Has anyone on here got any experience in running any of the recipes on large datasets? And running the recipes on Google Cloud Platform?

I keep hitting out of memory problems when training on my local machine (Macbook Pro 16GB RAM) . I've run out of memory on couple of occasions:

  1. running ner.manual using a model where I have loaded in my own word vectors. My word2vec model file is around 500mb
  2. running ner.batch-train on a dataset that contains approx 15000 annotations.

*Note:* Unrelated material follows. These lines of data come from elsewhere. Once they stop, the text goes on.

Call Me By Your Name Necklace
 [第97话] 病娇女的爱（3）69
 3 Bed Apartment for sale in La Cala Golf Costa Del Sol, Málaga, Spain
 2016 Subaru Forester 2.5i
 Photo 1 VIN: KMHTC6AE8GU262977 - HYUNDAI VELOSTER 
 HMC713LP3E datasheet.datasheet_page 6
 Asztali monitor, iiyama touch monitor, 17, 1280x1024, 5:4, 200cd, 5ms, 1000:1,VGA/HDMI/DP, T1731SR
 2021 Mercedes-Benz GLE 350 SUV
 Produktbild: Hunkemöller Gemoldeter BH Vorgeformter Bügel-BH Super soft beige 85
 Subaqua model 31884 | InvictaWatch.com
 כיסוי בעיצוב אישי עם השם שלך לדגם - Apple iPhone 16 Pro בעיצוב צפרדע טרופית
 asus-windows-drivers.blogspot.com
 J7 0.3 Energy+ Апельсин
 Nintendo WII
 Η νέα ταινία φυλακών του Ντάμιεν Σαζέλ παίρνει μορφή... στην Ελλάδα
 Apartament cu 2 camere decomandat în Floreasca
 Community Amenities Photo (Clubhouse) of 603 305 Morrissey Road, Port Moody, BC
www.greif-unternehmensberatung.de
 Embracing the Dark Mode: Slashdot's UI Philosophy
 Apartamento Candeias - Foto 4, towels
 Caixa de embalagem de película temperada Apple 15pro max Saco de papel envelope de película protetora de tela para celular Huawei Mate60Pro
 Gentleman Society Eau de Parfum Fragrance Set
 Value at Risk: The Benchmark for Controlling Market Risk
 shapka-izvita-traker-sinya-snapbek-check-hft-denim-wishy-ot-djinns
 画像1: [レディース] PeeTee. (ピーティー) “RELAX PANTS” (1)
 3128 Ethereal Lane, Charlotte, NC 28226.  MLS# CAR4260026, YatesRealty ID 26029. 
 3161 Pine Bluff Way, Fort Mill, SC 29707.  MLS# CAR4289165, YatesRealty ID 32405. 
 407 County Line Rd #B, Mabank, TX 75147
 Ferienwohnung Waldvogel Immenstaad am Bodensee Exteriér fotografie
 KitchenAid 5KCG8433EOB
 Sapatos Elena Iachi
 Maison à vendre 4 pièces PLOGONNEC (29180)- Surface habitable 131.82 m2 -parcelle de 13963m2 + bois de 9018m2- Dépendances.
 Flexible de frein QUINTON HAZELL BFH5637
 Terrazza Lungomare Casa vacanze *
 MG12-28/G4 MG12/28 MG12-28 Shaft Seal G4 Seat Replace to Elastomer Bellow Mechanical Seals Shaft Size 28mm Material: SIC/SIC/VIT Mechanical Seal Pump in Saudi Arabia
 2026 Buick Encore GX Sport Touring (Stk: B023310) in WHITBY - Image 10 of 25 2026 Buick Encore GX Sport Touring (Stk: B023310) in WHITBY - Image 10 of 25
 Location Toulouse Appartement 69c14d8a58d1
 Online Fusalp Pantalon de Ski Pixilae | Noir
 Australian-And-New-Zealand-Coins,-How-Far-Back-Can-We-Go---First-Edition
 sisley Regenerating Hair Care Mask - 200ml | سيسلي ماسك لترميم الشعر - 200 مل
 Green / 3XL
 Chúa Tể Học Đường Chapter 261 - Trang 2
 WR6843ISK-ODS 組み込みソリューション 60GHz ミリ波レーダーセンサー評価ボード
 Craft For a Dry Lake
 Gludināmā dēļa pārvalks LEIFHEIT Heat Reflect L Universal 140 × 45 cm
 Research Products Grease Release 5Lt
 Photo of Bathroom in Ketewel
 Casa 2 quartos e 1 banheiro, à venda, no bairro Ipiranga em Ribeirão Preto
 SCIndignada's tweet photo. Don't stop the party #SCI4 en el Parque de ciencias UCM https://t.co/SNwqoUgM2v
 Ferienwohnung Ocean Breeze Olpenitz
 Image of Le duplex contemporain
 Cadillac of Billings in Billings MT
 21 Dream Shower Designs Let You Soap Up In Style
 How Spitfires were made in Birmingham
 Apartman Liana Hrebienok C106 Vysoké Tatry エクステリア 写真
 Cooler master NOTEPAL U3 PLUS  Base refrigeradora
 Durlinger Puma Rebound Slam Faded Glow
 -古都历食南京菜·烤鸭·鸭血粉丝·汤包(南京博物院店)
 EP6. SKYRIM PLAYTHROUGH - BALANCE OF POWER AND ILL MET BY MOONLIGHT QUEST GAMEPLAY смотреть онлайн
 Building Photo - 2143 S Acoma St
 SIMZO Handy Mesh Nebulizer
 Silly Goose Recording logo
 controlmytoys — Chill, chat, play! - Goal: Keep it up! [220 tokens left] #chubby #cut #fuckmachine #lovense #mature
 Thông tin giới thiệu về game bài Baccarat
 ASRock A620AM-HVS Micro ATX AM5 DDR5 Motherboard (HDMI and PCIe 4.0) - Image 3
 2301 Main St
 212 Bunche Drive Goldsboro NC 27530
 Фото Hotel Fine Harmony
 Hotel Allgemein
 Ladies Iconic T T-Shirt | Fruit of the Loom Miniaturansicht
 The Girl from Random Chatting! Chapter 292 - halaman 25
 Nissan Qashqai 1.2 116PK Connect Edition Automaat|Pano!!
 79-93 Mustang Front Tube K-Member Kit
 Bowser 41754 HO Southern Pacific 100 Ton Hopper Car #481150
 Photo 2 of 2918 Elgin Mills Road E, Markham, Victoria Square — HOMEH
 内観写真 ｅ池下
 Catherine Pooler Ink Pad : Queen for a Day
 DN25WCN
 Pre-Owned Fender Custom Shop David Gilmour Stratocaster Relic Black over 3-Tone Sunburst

To get around these problems I want to shift the training off to the cloud, preferably to Google's cloud platform. I've had some experience using ml-engine, but wondered if anyone had some tips or hints for training spacy / using prodigy recipes at scale?

Thanks.

I’m not sure why you should be seeing out of memory errors in ner.manual. I can’t see what the model should be storing — so it sounds to me like something’s not right here. What version are you using?

For batch-train, we do read the whole dataset into memory, and there are more places we could run into problems. 16gb should be enough though. Are the documents very long?

You shouldn’t need to do anything really special to run Prodigy on Google Compute Engine. We actually use this for spaCy and Prodigy all the time. I would recommend getting a machine with high memory, but not particularly many CPUs, as it won’t use multiple cores very efficiently. Remember to open port 8080 in the firewall as well, and change the host setting in your prodigy.json to 0.0.0.0 so that you can connect to the web service. Alternatively, you could use a reverse proxy. I recommend https://traefik.io

Thanks for getting back to me.

Ok sorry, that was my bad - it’s actually ner.batch-train that was running out of memory when I used my word2vec model. I should have checked before I posted; I ran into that problem about a month ago. Although, I’ve just tried it again and it seems to be working - so sorry for the confusion.

For batch-train, we do read the whole dataset into memory, and there are more places we could run into problems. 16gb should be enough though. Are the documents very long?

The mean document size is ~8 words.So I wouldn’t call that very long. I’m using spaCy 2.0.11 and Prodigy 1.4.2. Maybe I didn’t have enough free memory when I ran the batch train.

Thanks for the tips on running all of this on Google - especially around which machines to target.

Hi Mitch,

I’m running into a similar out-of-memory problem (that’s not surprising since my laptop has only 8Mb on memory, clearly not data science specs). But before buying a new PC, how do I run prodigy on the gcp? The GCP instructions suggest it’s just any VM, and you run a command series as on your laptop (python -m ner.teach…). Don’t I have to copy my whole environment (additional sw, data) to the cloud?

thanks,

Andreas

@mitch There’s a minor memory leak in ner.batch-train that will be fixed in the upcoming 1.6 version. Try the current version (1.5.1) as well.

@aph61 You do need to get the data to the VM you’re using, but it acts just like any other server. It’s easiest to install the gcloud tools locally, so you can use that to manage the SSH keys.

I like to use the gcsfuse tool, which lets you mount a bucket as a local directory. This way you can copy files to it from your local machine, and the same files will be available from a directory from your VM. Sort of like dropbox.

Thanks, I’ll give it a try…

best,

Andreas